The Service Employees International Union (SEIU) has long puppeteered the push for a $15 minimum wage. As we’ve noted before, the SEIU has spent as much as $80 million on the Fight for $15 since the campaign began in 2012.
But the SEIU’s fight is for “$15 and a union.” That second part is key: The union’s end goal has always been to increase membership and swell its ranks of dues-paying workers—the financial underpinning for the union’s political activities. The Fight for $15 isn’t so much about raising the wage as it is about using the issue to bolster the labor movement. In These Times recently quoted the Fight for $15’s organizing director, Kendall Fells, admitting as much: “Since the campaign began, the workers have always had two demands.

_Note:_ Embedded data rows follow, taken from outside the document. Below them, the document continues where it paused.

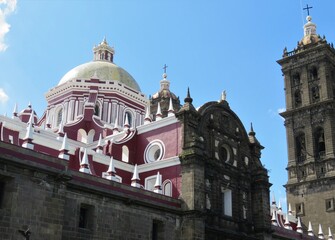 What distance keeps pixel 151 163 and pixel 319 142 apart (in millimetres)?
25917

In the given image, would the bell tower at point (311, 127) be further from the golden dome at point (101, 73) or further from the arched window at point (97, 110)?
the arched window at point (97, 110)

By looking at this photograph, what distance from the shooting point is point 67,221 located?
2317cm

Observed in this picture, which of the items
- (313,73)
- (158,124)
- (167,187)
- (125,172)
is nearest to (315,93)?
(313,73)

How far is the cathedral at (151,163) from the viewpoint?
22344 millimetres

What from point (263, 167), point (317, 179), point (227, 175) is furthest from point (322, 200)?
point (227, 175)

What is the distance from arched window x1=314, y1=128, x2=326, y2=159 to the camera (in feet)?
169

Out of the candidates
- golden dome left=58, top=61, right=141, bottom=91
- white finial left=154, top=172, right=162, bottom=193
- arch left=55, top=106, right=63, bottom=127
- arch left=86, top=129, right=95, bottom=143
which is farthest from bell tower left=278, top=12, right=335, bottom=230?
white finial left=154, top=172, right=162, bottom=193

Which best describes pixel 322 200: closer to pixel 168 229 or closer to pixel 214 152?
pixel 214 152

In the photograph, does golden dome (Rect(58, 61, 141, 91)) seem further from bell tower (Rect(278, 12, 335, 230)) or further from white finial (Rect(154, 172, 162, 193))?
bell tower (Rect(278, 12, 335, 230))

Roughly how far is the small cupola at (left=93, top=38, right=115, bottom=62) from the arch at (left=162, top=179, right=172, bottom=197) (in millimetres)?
21218

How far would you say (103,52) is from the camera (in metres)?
49.5

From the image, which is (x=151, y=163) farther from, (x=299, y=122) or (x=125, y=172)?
(x=299, y=122)

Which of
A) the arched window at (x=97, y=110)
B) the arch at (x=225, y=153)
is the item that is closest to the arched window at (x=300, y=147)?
the arch at (x=225, y=153)

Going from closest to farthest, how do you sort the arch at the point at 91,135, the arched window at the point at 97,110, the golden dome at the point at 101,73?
the arch at the point at 91,135 < the arched window at the point at 97,110 < the golden dome at the point at 101,73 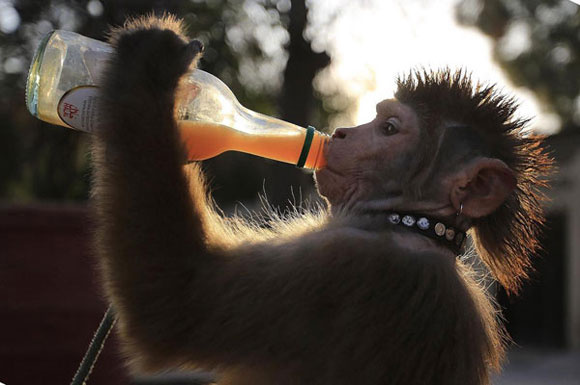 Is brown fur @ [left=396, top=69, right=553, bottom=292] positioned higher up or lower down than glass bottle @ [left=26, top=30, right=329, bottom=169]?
higher up

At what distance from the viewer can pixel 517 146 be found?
2.68 meters

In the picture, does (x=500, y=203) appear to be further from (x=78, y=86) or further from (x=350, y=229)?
(x=78, y=86)

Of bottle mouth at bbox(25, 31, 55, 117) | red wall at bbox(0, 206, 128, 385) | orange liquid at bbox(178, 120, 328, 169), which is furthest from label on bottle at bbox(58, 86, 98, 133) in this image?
red wall at bbox(0, 206, 128, 385)

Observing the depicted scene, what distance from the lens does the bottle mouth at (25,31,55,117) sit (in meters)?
2.72

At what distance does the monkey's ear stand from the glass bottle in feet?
1.64

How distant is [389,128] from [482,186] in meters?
0.39

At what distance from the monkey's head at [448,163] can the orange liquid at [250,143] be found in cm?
8

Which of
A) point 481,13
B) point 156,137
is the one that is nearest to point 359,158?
point 156,137

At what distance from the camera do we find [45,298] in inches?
220

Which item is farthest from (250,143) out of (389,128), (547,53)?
(547,53)

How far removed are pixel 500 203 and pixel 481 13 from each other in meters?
10.2

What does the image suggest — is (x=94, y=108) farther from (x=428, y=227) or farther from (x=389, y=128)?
(x=428, y=227)

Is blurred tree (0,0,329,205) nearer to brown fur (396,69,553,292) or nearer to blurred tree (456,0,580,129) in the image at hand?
brown fur (396,69,553,292)

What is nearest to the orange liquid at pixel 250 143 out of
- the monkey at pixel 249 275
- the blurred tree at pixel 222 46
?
the monkey at pixel 249 275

It’s $15 and a union, not $15 or a union.”
But the former hasn’t really come to fruition. The SEIU has seen no substantial gain in membership as a result of the Fight for $15. In fact, the union lost about 5,800 members from 2014 to 2015, prompting some anxiety among union sympathizers. “There’s a turn to liberalism and the raising of the social wage,” labor historian Nelson Lichtenstein told In These Times. “But the dilemma is it’s not helping the trade union movement institutionally.” Pro-union author and activist Bill Fletcher, Jr. also chimed in: “You can win these [legislative] victories but if you don’t have organization, it all goes poof.”
For the SEIU, unionizing McDonald’s and other fast-food chains remains a tall task. The union has managed to rally dozens of workers at a time for fast-food strikes, but it needs tens of thousands of pro-union workers on board to even secure a union election in the fast-food sector. In These Times has some perspective:
According to New York’s Department of Labor, there are 63,587 fast food workers in New York City, a little over half of whom would have to file a card with the NLRB in support of the union. The challenge of triggering a fast food union vote at 50 percent plus one with the NLRB is, therefore, gargantuan. Even triggering a union election at just one of the chains—say, McDonald’s—would prove difficult; the company employs approximately 760,000 people across the country spread across over 10,000 restaurants in the United States.
It means rough waters ahead for the SEIU, which now must entertain a scary thought: Maybe employees don’t want a union after all.